La scrittrice Chiara Valerio, in una sua recente conferenza, ha pronunciato una frase che risuona molto con questo tipo di riflessioni, ed era più o meno questa: “una proposizione può essere fraintesa quando si lascia uno spazio d’azione per l’Altro”.
L’esattezza assoluta del linguaggio non è umana. Accettare il fraintendimento significa quindi accettare l’esistenza dell’Altro, accettare che ci sia un buco nel nostro mondo, oltre al quale si entra in relazione con altri mondi, altri modi di essere diversi dal nostro.
La filosofia – per dirla con Maurizio Ferraris e Mauro De Caro (Bentornata realtà: il nuovo realismo in discussione, Einaudi, 2012) – serve proprio a scoprire questi buchi, e ad attraversarli, perché solo in questo modo è possibile diventare adulti.
È necessario quindi correre il rischio di essere fraintesi, per non escludere umanità dai discorsi e riuscire a intravedere, negli squarci che apre questo tipo di linguaggio, gli universali dell’esperienza umana. Quegli stessi universali che ci traghettano nel mondo adulto.
Se la verità, come si evince dal libro, è l’intero del mondo, essa comprende sia il vero che il falso, e il modo migliore per veicolarla è il racconto, il mito.

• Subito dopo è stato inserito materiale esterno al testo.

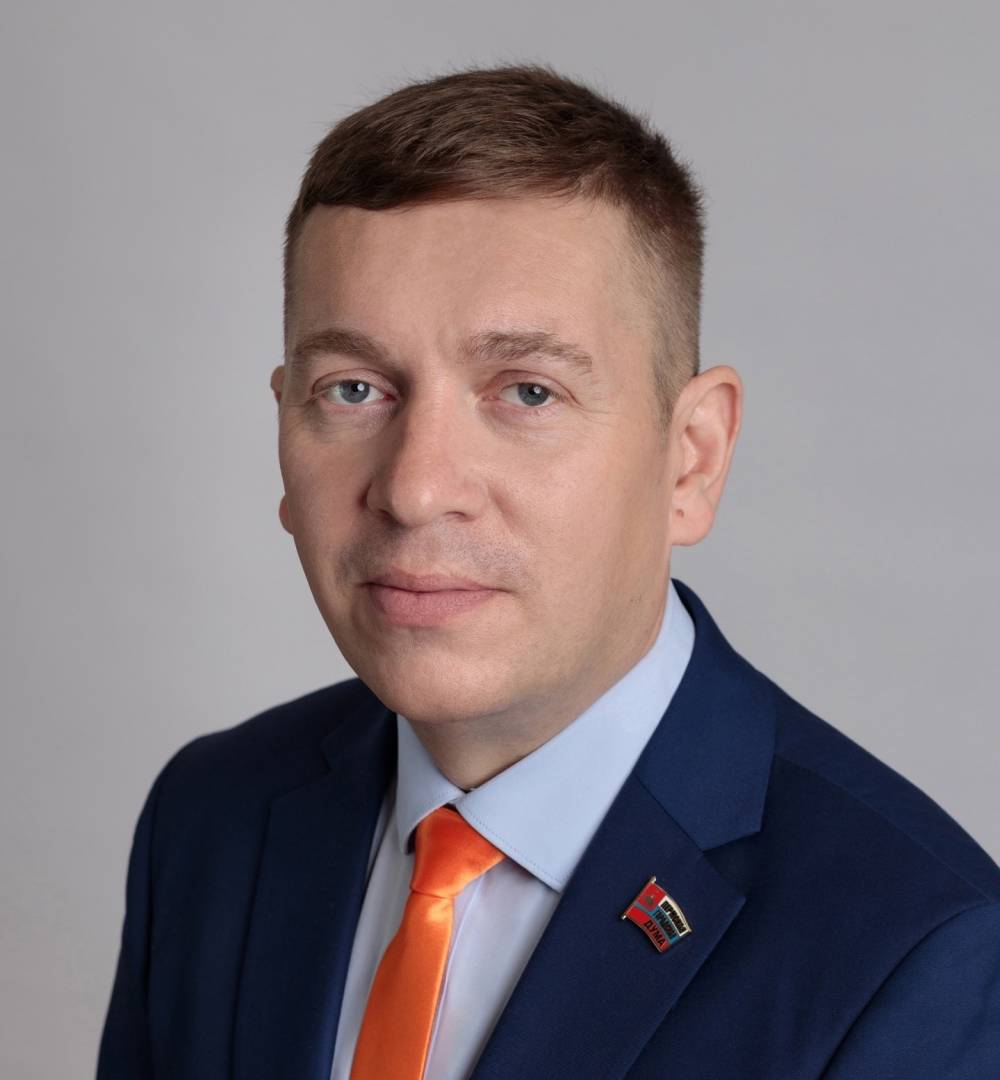 Николай Гилёв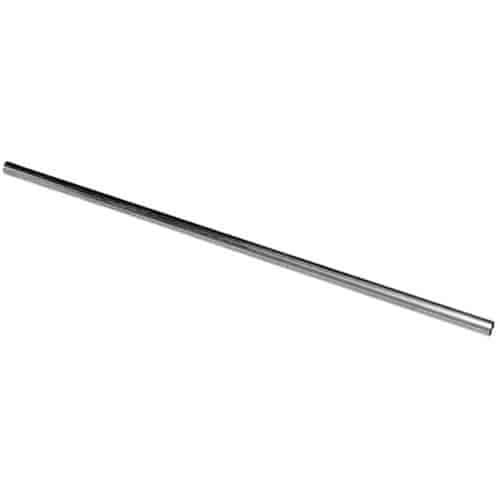 Walker Straight Steel Tubing Length: 7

L’autore lo dice bene con queste parole:
«[…] Il mito è il contravveleno per la pretesa della parola di enunciare proposizioni che sono soltanto vere (o soltanto false). Se in una proposizione è in questione l’idea, allora è impossibile […] esigere che essa sia vera o falsa. Filosofico, suggerisce Platone, è solo quel discorso che, in quanto contiene anche il suo complemento mitico, può dire insieme «il vero e il falso dell’intero essere.» (pag. 51)
La filosofia ha quindi bisogno di essere formalizzata anche nella letteratura e, più in generale, in tutti quei sistemi simbolici che lasciano spazio a più interpretazioni, a diversi livelli di lettura.
Questa è la direzione che segue Agamben nel suo ultimo libro, dimostrando, con questo gesto, che la filosofia oggi non è affatto morta, ma, al contrario, è più viva che mai, pronta anche lei a varcare la soglia dell’età adulta.